- Try it -
Copy every record exactly, leaving the pictures out.

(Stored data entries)
[Start of Attachment]

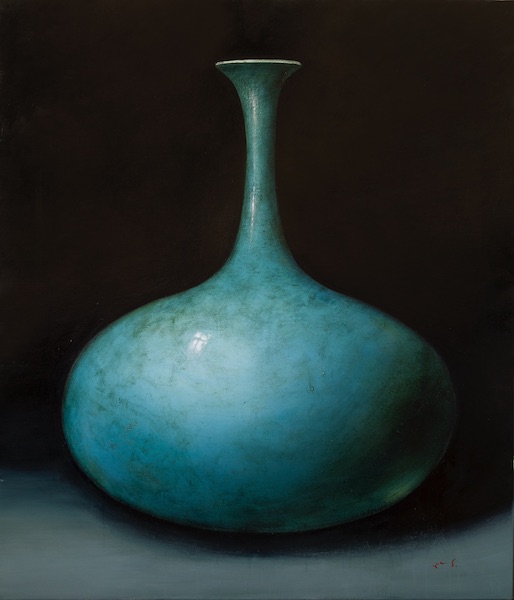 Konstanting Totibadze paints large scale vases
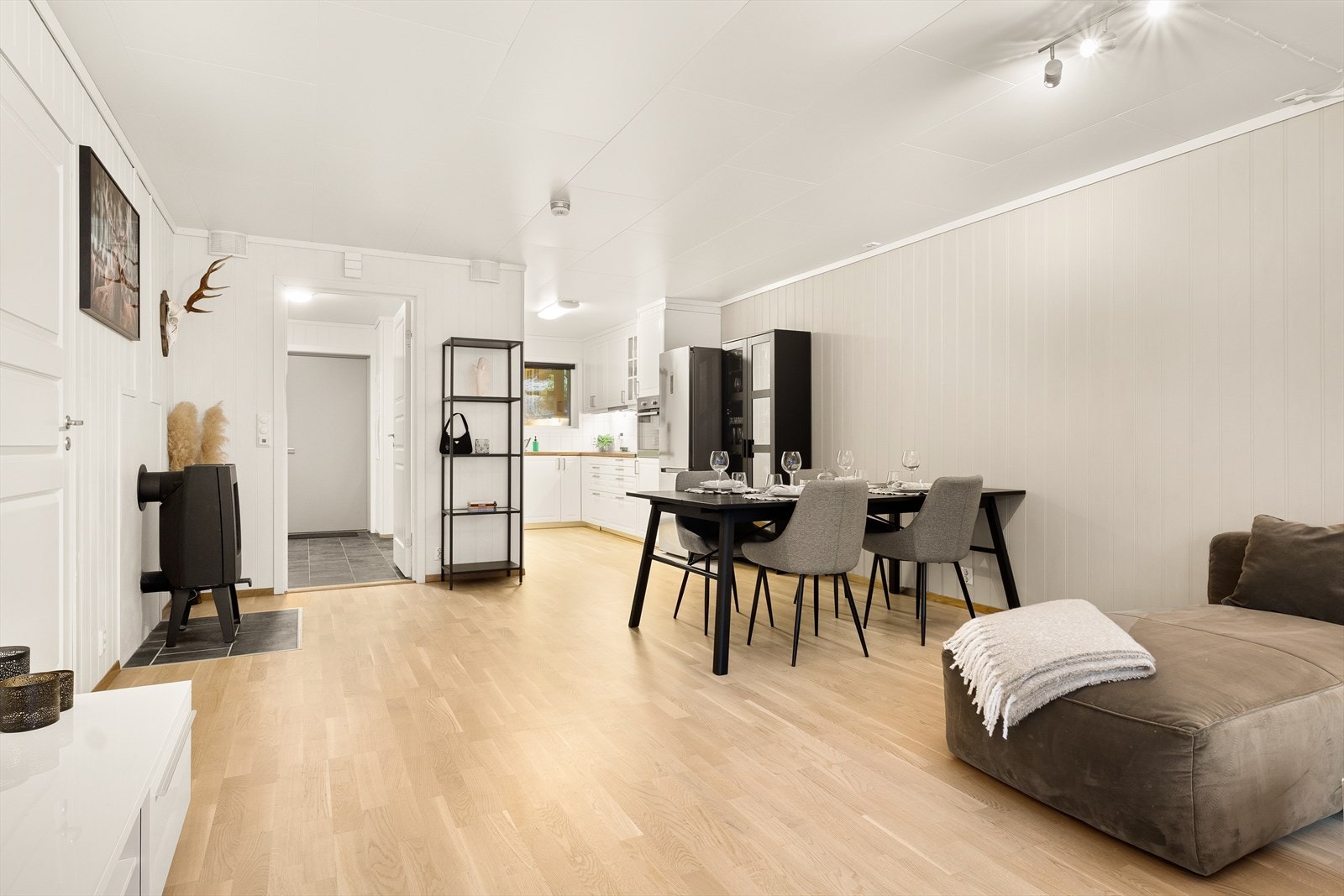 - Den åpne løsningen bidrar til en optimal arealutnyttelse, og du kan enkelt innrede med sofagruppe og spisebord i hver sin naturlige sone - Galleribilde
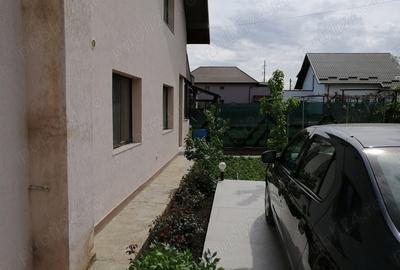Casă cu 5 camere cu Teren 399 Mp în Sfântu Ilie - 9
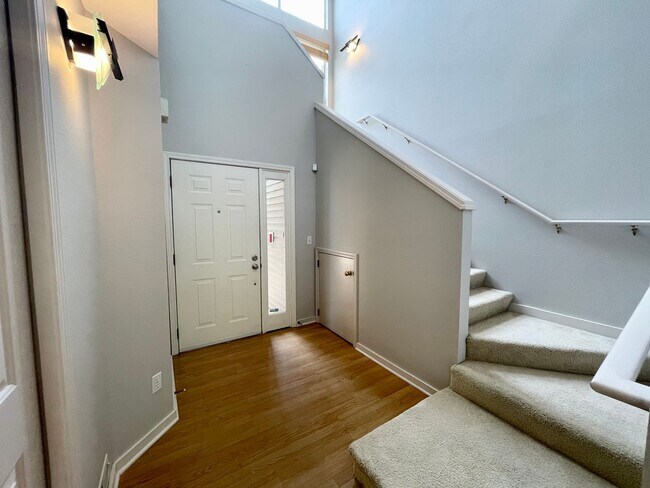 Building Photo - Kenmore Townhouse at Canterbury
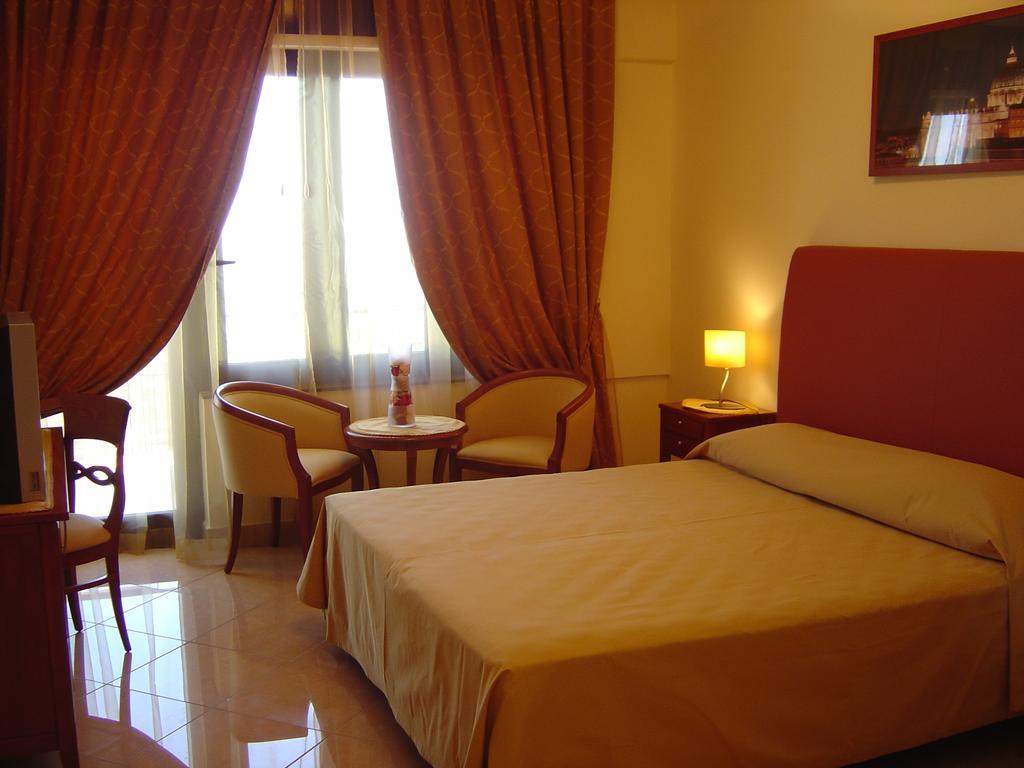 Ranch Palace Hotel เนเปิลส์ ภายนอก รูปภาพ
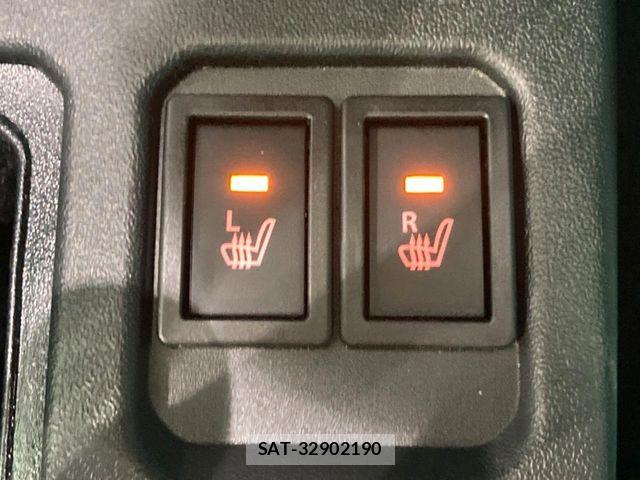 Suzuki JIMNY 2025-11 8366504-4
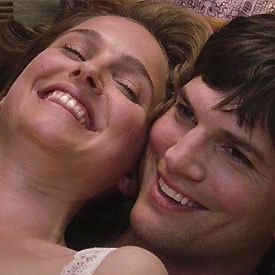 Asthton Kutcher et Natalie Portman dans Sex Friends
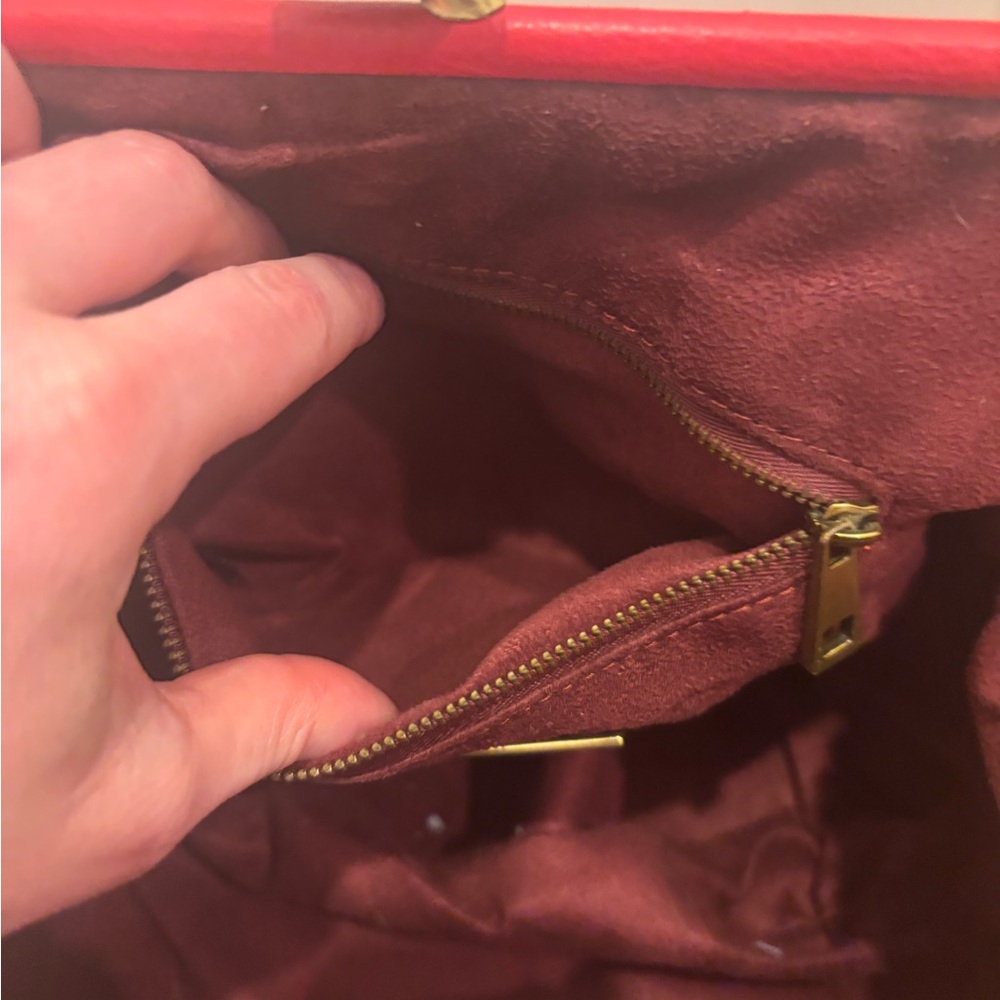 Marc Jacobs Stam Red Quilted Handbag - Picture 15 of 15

[End of Attachment]

- Answer box -
 Konstanting Totibadze paints large scale vases
 - Den åpne løsningen bidrar til en optimal arealutnyttelse, og du kan enkelt innrede med sofagruppe og spisebord i hver sin naturlige sone - Galleribilde
Casă cu 5 camere cu Teren 399 Mp în Sfântu Ilie - 9
 Building Photo - Kenmore Townhouse at Canterbury
 Ranch Palace Hotel เนเปิลส์ ภายนอก รูปภาพ
 Suzuki JIMNY 2025-11 8366504-4
 Asthton Kutcher et Natalie Portman dans Sex Friends
 Marc Jacobs Stam Red Quilted Handbag - Picture 15 of 15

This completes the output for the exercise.